Hermaphroditism raises a major question: How is sex determined? The determination of sex is a very useful concept to appreciate the nature of the different variables of existing hermaphrodites. Sex can be determined at four different levels: genetic sex is determined by the presence or absence of a Y-chromosome. No matter how many X-chromosomes are present, a single Y-chromosome dictates testicular development and the genetic male gender. The indifferent gonads before the 7th week of fetal life have inherent tendency to feminize unless influenced by Y-chromosome dependent masculinizing factors.
Gonadal sex is based on the histologic characteristics of the gonads. Ductal sex depends on the presence of derivatives of the Mullerian or Wolffian ducts present during fetal life. Phenotypic or genital sex is based on the appearance of the external genitalia. Sexual ambiguity, as seen in hermaphrodites, is present whenever there is disagreement among these various criteria for sex determination (Robbins and Cotran, 2006)3 HERMAPHRODITE LABELS4 Hermaphrodites exist in two main forms: true and pseudo-hermaphrodites. The term true hermaphrodite implies the presence of both ovarian and testicular tissue.
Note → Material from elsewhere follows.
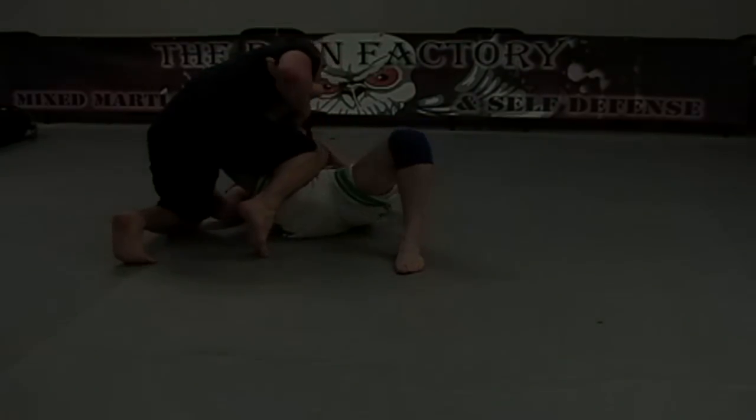Notice I catch his leg and now his ankle becomes trapped. I'm going to go for a little inside heel hook by pushing myself forward. The next video will cover entrances from side control when someone attempts to shrimp in and attacking the legs from side control.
In contrast, a pseudo-hermaphrodite represents a disagreement between the phenotype and gonadal sex. All are equally genuine. Hermaphroditism occurs rarely in human populations, accounting for about 1%. TRUE HERMAPHRODITES A person born with both ovary and testicular tissue, this could be 2 separate gonads (one of each) or a combination of both in one (an ovotestes). The genitalia can vary from completely male or female, to a combination of both or even ambiguous looking. The chromosome (karyotype) compliment can be XX (female), XY (male), XX/XY (mosaic) or even XO (extremely rare).
Those XX with female genitalia are raised female (some have even given birth). Those XY with male genitalia are raised male (a few have fathered children). The children born XX/XY or XO (with genitalia male or female) are raised in the sex they look most like. CAUSES The causes are not known, the medical community does know this is a very rare condition but do not have accurate figures to how many people have this condition (depending on the literature between 350-450 known cases). The karyotype is 46, XX in 50% of patients; of the remaining, most are mosaics with a 46, XX/46, XY karyotype.
Only rarely is the chromosome constitution 46, XY. (Robbins and Cotran, 2006) FEMALE PSEUDO-HERMAPHRODITES [FERM] A person born XX with normal female internal organs but with “masculanized” genitalia. They can appear more male then female or a combination of each. CAUSES The most common is Congenital Adrenal Hyperplasia (CAH). It occurs approximately in 1:14,000 births. This is when the adrenal glands overproduce testosterone. It also has been recorded that some persons with this disorder had been exposed to progesterone-like drugs before they were born.